As metal is shaped into bars, plates, forgings or castings before precision machining, the initial shaping builds tension and compressive forces in the material, causing it to strain. When material is removed during machining, the remaining material will often release the strain—or stress—in undesirable ways, changing the shape of the metal. No matter the method that is used to relieve the stress in the material, the workpiece must be removed from the machine before it is machined again closer to its final size, Winkel explained.
Some manufacturers let a part sit in the machine tool while the stress eases, but more often changeover allows the machine to work on other components in the meantime.
Lang offers a solution that not only offers an alternative to dovetailing, it also saves wear and tear on clamps. Form closure technology, part of the Makro-Grip series, involves stamping indentations on the workpiece to match the gripping serration of the clamping jaws. This enables the highest holding forces and maximum process reliability at a very low clamping pressure, according to Lang’s website.
“Many Lang customers know about the stamping process. This involves workpiece preparation that not only preps your part in seconds instead of typical prep times like with dovetailing, it also limits your material waste (compared with dovetailing),” said Pynakker. “This is achieved by clamping on just 3 or 5 mm of material, allowing our Makro-Grip or Mark-Grip-Ultra vises to grip into those stamped parts for full tooth insertion for better holding power.”
Lang’s Makro•Grip technology is designed for five-sided machining of blanks as well as automated manufacturing.
The stamping process allows up to 20 tons of hydraulic pressure to prep the workpiece for Operation 1 with materials up to 45 HRC, which encompasses materials such as titanium and Inconel. This practically eliminates any part deformation, which is crucial to clamping flat and deformation-sensitive material and is a key factor in achieving the desired milling quality.

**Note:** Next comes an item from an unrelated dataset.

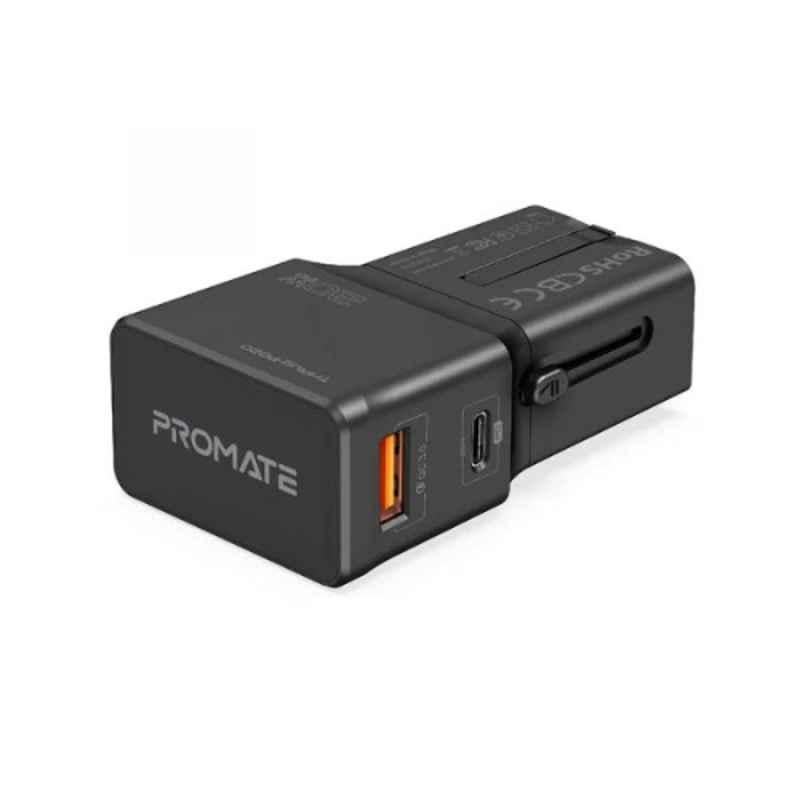 Promate TriPlug-PD20 20W Black Sleek Universal Travel Adapter with Quick Charge 3.0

Carr Lane Manufacturing’s Frost said, “Even greater force is required when dealing with these materials.” The company has a full line of large-edge manual clamps that deliver massive clamping forces, including its new Pivoting Edge Clamps that are available in standard and low-profile versions and can exert more than 4,000 lbf (17.79 kN) of force per clamp.
The pivoting nose on the large edge clamps has a serrated jaw that clamps forward and downward simultaneously. It can be used to clamp against a fixed locator or against a matching downthrust backstop. Its slotted base provides adjustability.
In addition, to support very large workpieces where clamping time is greater, the Pivoting Edge Clamps can be easily converted to hydraulic operation.
“To convert the Pivoting Edge Clamp, simply remove the thrust screw and replace it with the Roemheld hydraulic cylinder and feeder cap,” said Frost. “Then a hydraulic line is connected to the feeder cap. While the clamp is not generally larger than in its manual version, there is a hydraulic line to deal with (inside the machine tool’s work area).”
The Roemheld hydraulic cylinder is suitable for automated operations. Cylinders are available in forces up to 35,000 lbf (155.69 kN).
According to Bluco’s Gordon, rigidity is important so as not to fracture inserts. “If your locating surfaces can’t stand the abuse the part itself delivers, it’s not going to accurately locate that part. You need hardened, rigid locating components to maximize accuracy and quality during machining,” he said.
Special accommodations can be made for more delicate materials. “The issue here is when you’ve got finished parts with surfaces that can’t be marred,” he said. “You may be dealing with a huge part that needs to be held securely, but it can’t be scratched or dinged in the process because it’s already finished or ground. If you have materials softer than the workholding system you’re using, sometimes you’ll see aluminum liners or soft jaws and locators. Those will protect the finished surfaces from damage.”